Interpreter in Go - 2

July 29, 2021

Writing an Interpreter In Go by Thorsten Ball will be my personal introduction to writing an interpreter. I’ve never taken a comp sci class before, so I know nothing about compilers. On a lark, I decided to explore this area now, nearly 20 years after I started to learn computer programming.

If you are interested in this book as well, you might might the AST Explorer a useful companion.

I was told as some point in the past, that compilation can be broken down into four stages:

Lexical analysis
Syntactic analysis
Type checking
Code generation

An interpeter is not very different. Naturally, Ball starts with the lexical analysis and talks about different design decisions in lexers, for example, treatment of whitespaces.

In other languages, like Python, the length of whitespace is significant. That means the lexer can’t just “eat up” the whitespace and newline characters. It has to output the whitespace characters as tokens so the parser can later on make sense of them.

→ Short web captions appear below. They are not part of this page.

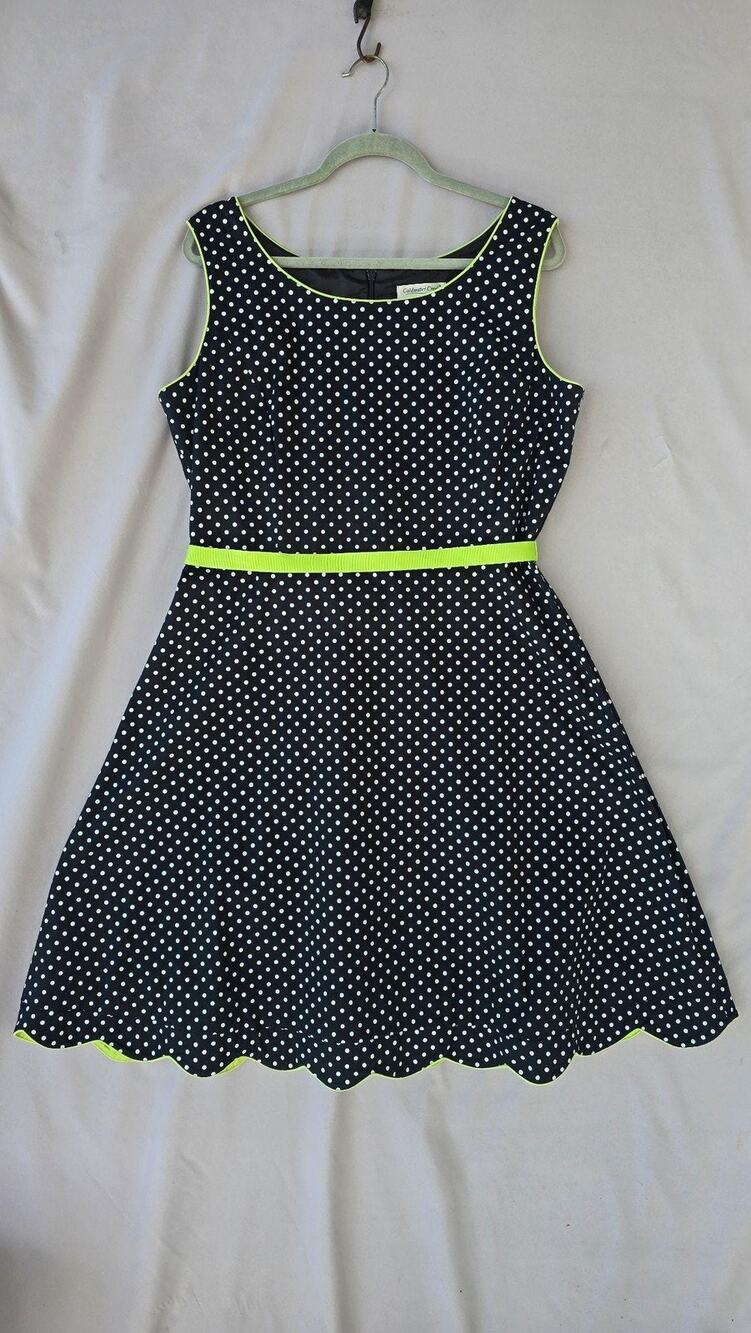 Coldwater Creek Dress Womens Petite 16P Black Polka Dot Belted Fit & Flare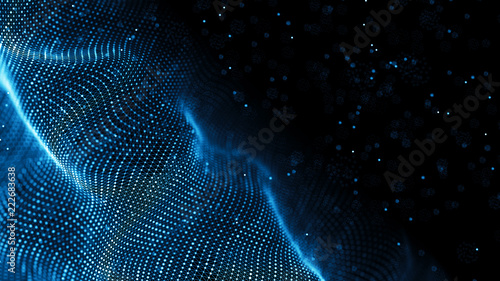 Data technology background. Abstract background. Connecting dots and lines on dark background. 3D rendering. 4k. © Dmitry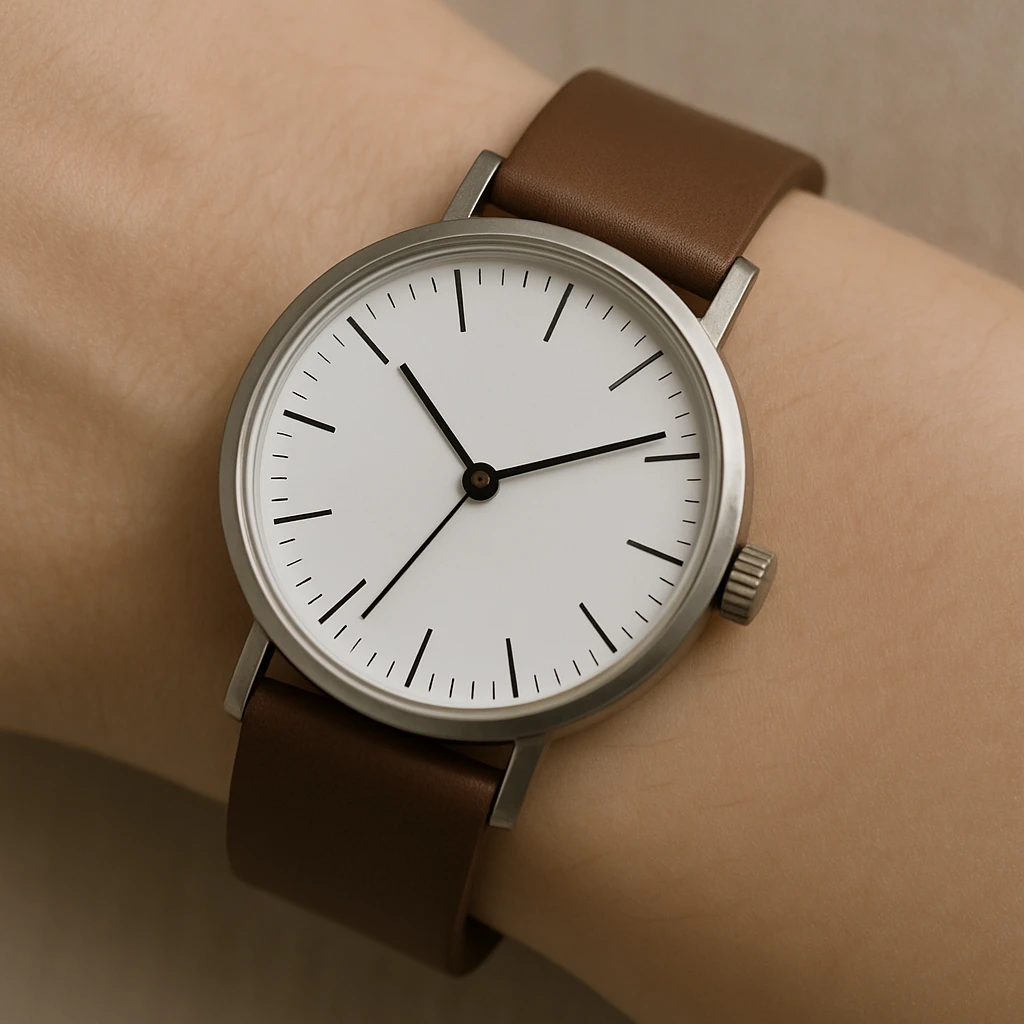 a wristwatch with a simple band emoji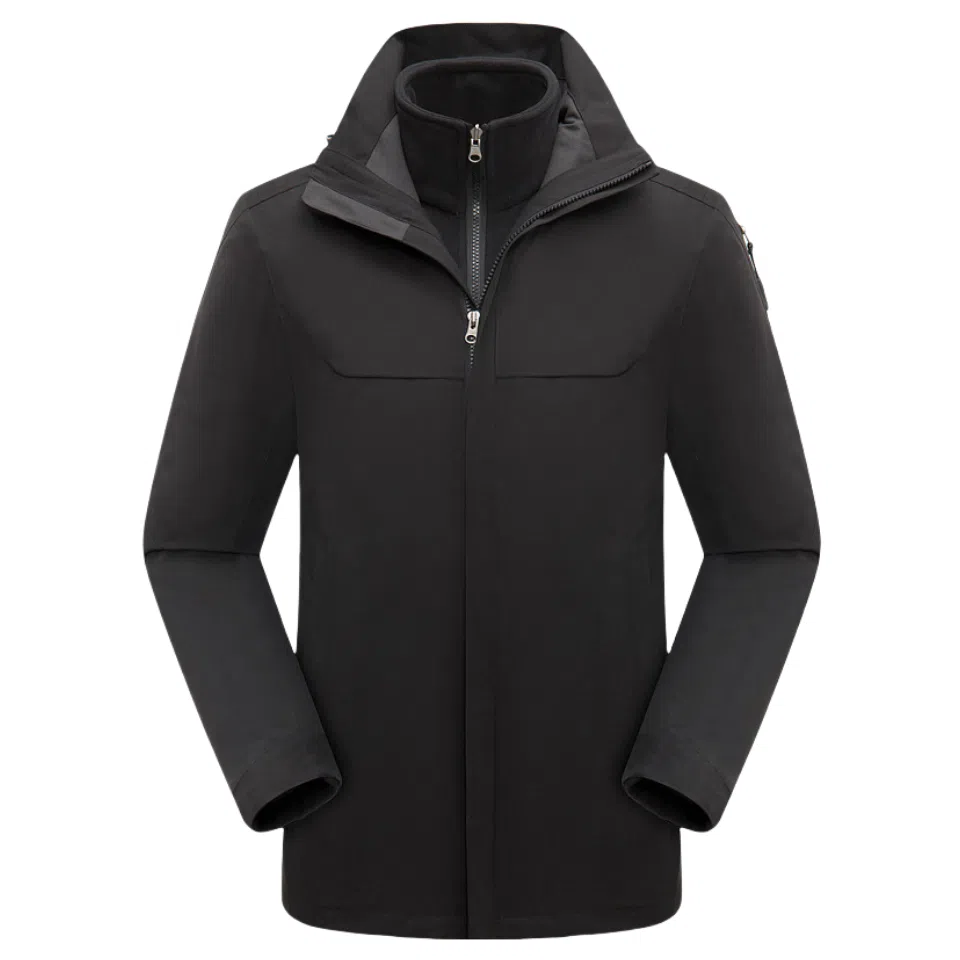 浪莎  纯色连帽舒适拉链  防水防风保暖冲锋衣 男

I naively hoped there can be a "clean" separation between the lexer and parser. But what Ball is telling me is that often the lexer and parser are closely coupled. As Sabrina Maxwell would say, "Too bad, so sad."

In Ball’s design, a token has a value and a type (similarly, Bob Nystrom says “A token is just a chunk of meaningful code with a type and a string associated with it”). Monkey has the following token types: ASSIGN, PLUS, COMMA, SEMICOLON, FUNCTION, and LET.

Ball’s lexer looks like:

type Lexer struct {
	source       []byte
	ch           byte
	position     int // points to ch
	readPosition int // points to next ch
}

Most of the fields in Lexer are pretty self-explanatory. The ones that might cause some confusion right now are position and readPosition. Both will be used to access characters in input by using them as an index, e.g.: l.input[l.readPosition]. The reason for these two “pointers” pointing into our input string is the fact that we will need to be able to “peek” further into the input and look after the current character to see what comes up next. readPosition always points to the “next” character in the input. position points to the character in the input that corresponds to the ch byte.

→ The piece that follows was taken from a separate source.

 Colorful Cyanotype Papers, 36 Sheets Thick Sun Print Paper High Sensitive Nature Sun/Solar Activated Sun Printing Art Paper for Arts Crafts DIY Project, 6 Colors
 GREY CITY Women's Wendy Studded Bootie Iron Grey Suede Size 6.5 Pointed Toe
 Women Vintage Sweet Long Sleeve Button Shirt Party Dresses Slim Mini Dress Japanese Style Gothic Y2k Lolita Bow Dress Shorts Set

I’m afraid this wasn’t a clear-enough explanation.

It doesn't help that "r-e-a-d" means both the present tense, i.e., the thing that is about to be examined, as well as the past-tense, i.e., the thing that was already examined.

I was facing a chicken-and-egg problem when writing this section. Is it better to explain this algorithm in abstract terms and then show the implementation, possibly causing you to jump back and forth between pages, or to show the implementation with the explanation following, causing you to probably skip over the implementation and not getting a lot out of the explanation?

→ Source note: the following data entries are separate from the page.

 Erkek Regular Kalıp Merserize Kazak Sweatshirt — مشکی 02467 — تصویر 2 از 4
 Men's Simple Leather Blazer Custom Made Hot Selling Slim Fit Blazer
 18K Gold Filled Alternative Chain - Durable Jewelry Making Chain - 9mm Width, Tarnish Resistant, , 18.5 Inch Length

I find Ball's coverage of Pratt Parser to be lacking, but he does link to a better article later in the book. A further aside here, I've heard about Robert Nystrom's Crafting Interpreters before.

Evaluation is also where interpreter implementations (regardless of which language they’re interpreting) diverge the most. There are a lot of different strategies to choose from when evaluating source code. I’ve already hinted at this in the introduction of this book, where we took a brief look at different interpreter architectures. Now that we’re here, AST in hand, the question of what to do with it and how to evaluate this shiny tree of ours is more relevant than ever, so looking at different options again is worthwhile.

I loved this section (3.2 - Strategies of Evaluation). Ball covers a number of approches here and they are all fun to read about and I always enjoy a historical perspectives to technical decisions.

Now I’m interesting in all sorts of articles on parsers. Like this one I found on Lobsters.